Thursday, March 09, 2006

DENTAL CARE FOR THE KIDS

In the Albuquerque Journal of March 9, 2006, is a sad story by Leann Holt, Staff Writer. It has to do with dental care in New Mexico for children. She writes about decay, just the simple problem of tooth decay. However, she points out that the disease is serious, as it causes missed school days and can lead to mal-nutrition, school failure and low self-esteem.

Statistics from the story: 40% of New Mexico’s children suffer from tooth decay; only 6% of Medicaid-eligible children in New Mexico get dental care (third lowest in the nation); and only one-third of New Mexico’s dentists are willing to take patients based on Medicaid payments. One school nurse is quoted as saying that it is not unusual to see “crater-sized cavities” and children in pain, with no dentist to send them to.

The story features Small Smiles Dentistry, a clinic which is part of a chain, (one on the West Side, and now one at Central and San Pedro). One dentist there said it is not unusual to see children who have cavities in 18 out of 20 teeth.

Medicaid pays only about 66% of what other insurance companies pay. Red tape may be a problem, and undoubtedly is, but there is red tape in dealing with HMO’s and insurance claims people too. So is it money?

Where are out priorities? We pass laws to impose taxes to provide up front money for promoters, tax breaks (subsidies) for billion dollar corporations with highly paid officers and other executives, and for landscaping of highways and maintenance of golf courses, and so on. “First things first!”
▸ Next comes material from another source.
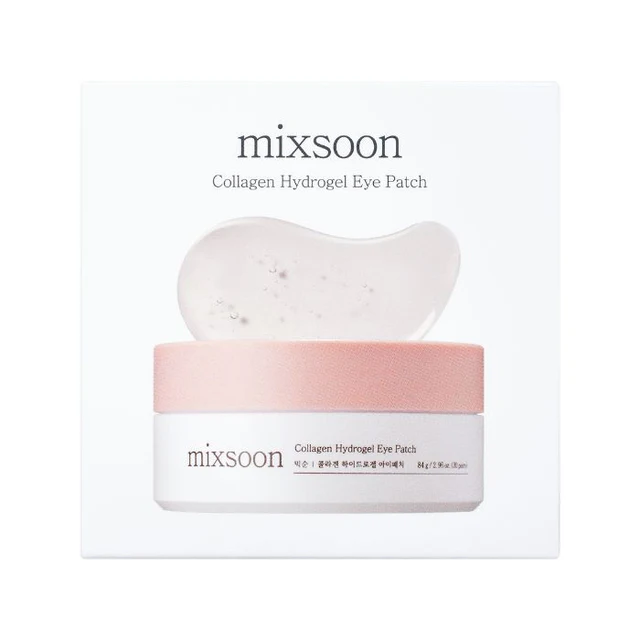 Mixsoon Collagen Hydrogel Eye Patch 84g, Hydrating, Firming, and Wrinkle-Care Patches with Peptides, 30 Pairs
Two suggestions to help remedy this problem. First, Medicare (federal taxpayer money) should cover all dental care, including prophylaxis, at least for the children. Such dental care should be provided for all children (no means test to be applied) in the schools.
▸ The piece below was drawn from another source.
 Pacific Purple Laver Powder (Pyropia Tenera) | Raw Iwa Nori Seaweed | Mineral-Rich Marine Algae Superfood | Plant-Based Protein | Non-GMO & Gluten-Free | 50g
Second (and here we rely on free enterprise as a solution), we should change the law to encourage more qualified people to offer the services. One change we might try is to allow people into dental school if and when they are ready for dental school; and defer the bachelor degree requirement until after the dental school graduate begins practice. As part of their continuing professional education, these dentists could take the undergraduate courses, so that within a few years they will have the same formal education as those who completed a bachelor’s before getting into dental school.

Give these people an incentive, such as this waiver (deferral) of the undergraduate degree requirement for license; and in return, require these dentists to accept Medicaid child patients for a number of years.

These Medicaid dentists would not be as formally educated as the dentists with undergraduate degrees: no English literature; no foreign languages, nor dead languages; no psychology, philosophy, economics, nor electives. But these dentists will catch up later, on their own time, while they are making a living and also performing a public service.

How can we be proud of our State; our space station; our airplane industry; our Intel, with its $32 billion off the tax roll; our multimillion dollar stadiums [sic]; our lottery which takes from the poor and gives to college students; and so on; when we fail to provide our children with dental care? We do not have to go from the present system to socialism; that is, from monopoly to socialism. How about let us go from monopoly to free enterprise? Educational requirements for a license are necessary to prevent the incompetent from practicing quackery; but unnecessary educational requirements are in restraint of trade, and immoral.